Problem requirements => Restate each record word for word, omitting whatever pictures it holds.

Pictures with short captions =>
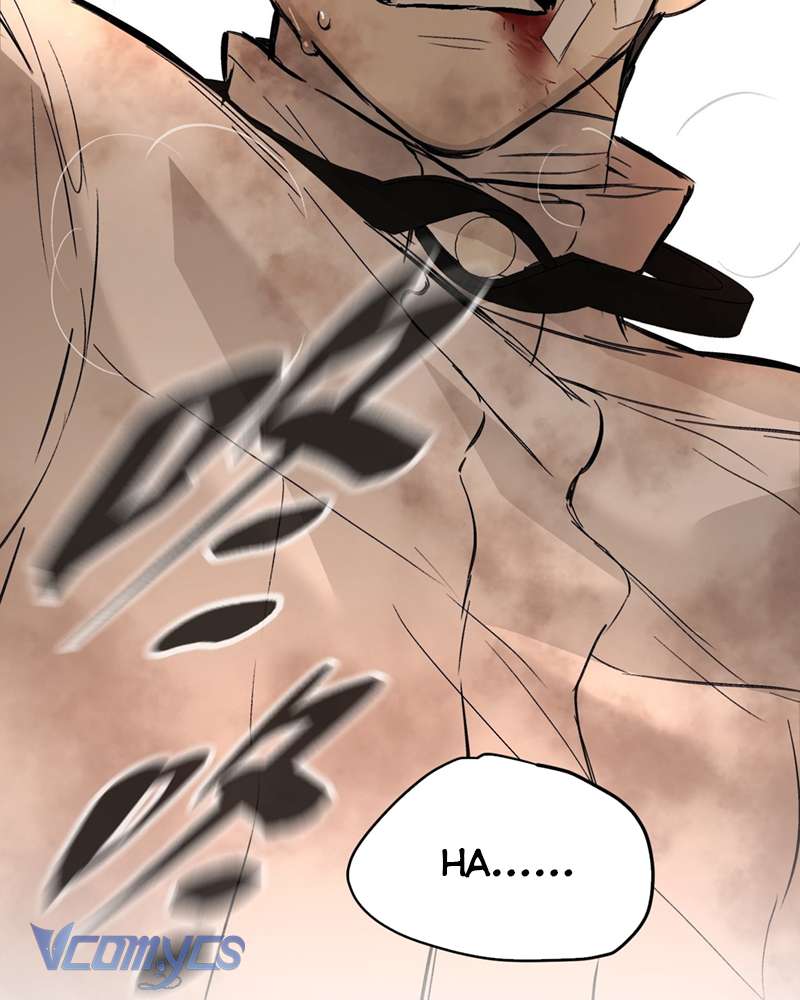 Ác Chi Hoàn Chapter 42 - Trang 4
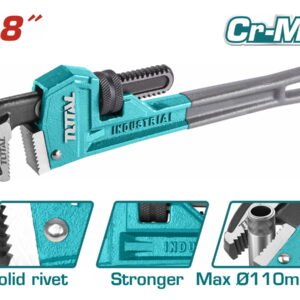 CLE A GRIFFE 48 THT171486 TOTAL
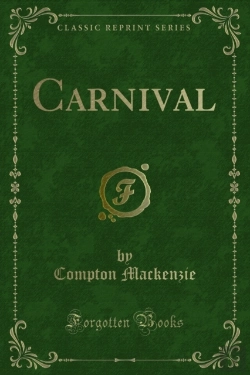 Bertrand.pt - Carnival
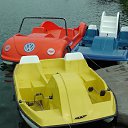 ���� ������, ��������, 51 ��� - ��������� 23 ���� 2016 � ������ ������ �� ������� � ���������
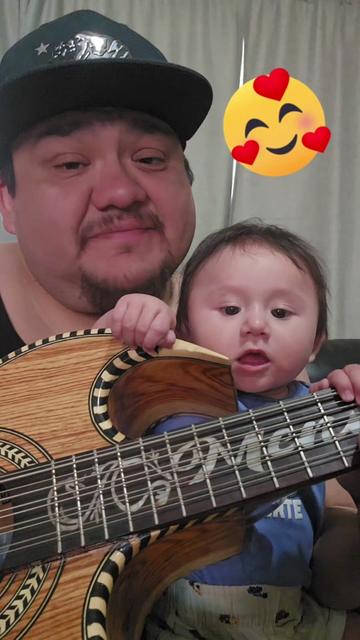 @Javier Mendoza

Finished task =>
 Ác Chi Hoàn Chapter 42 - Trang 4
 CLE A GRIFFE 48 THT171486 TOTAL
 Bertrand.pt - Carnival
 ���� ������, ��������, 51 ��� - ��������� 23 ���� 2016 � ������ ������ �� ������� � ���������
 @Javier Mendoza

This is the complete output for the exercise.